[Caption-style text data]
__________

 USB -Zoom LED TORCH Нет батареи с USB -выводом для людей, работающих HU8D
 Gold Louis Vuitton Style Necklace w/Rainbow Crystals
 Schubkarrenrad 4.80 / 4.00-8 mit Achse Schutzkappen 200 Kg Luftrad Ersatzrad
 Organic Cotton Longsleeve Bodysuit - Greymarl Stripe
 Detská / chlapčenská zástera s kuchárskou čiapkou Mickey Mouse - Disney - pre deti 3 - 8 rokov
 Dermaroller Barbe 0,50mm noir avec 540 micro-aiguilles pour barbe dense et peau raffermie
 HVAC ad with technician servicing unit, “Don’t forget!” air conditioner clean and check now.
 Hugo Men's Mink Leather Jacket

__________

## PROBLEM TO SOLVE
Retype the entries above exactly, but only from the line containing "Gold Louis Vuitton" through the line containing "Detská / chlapčenská", both included.

## EXPECTED ANSWER
 Gold Louis Vuitton Style Necklace w/Rainbow Crystals
 Schubkarrenrad 4.80 / 4.00-8 mit Achse Schutzkappen 200 Kg Luftrad Ersatzrad
 Organic Cotton Longsleeve Bodysuit - Greymarl Stripe
 Detská / chlapčenská zástera s kuchárskou čiapkou Mickey Mouse - Disney - pre deti 3 - 8 rokov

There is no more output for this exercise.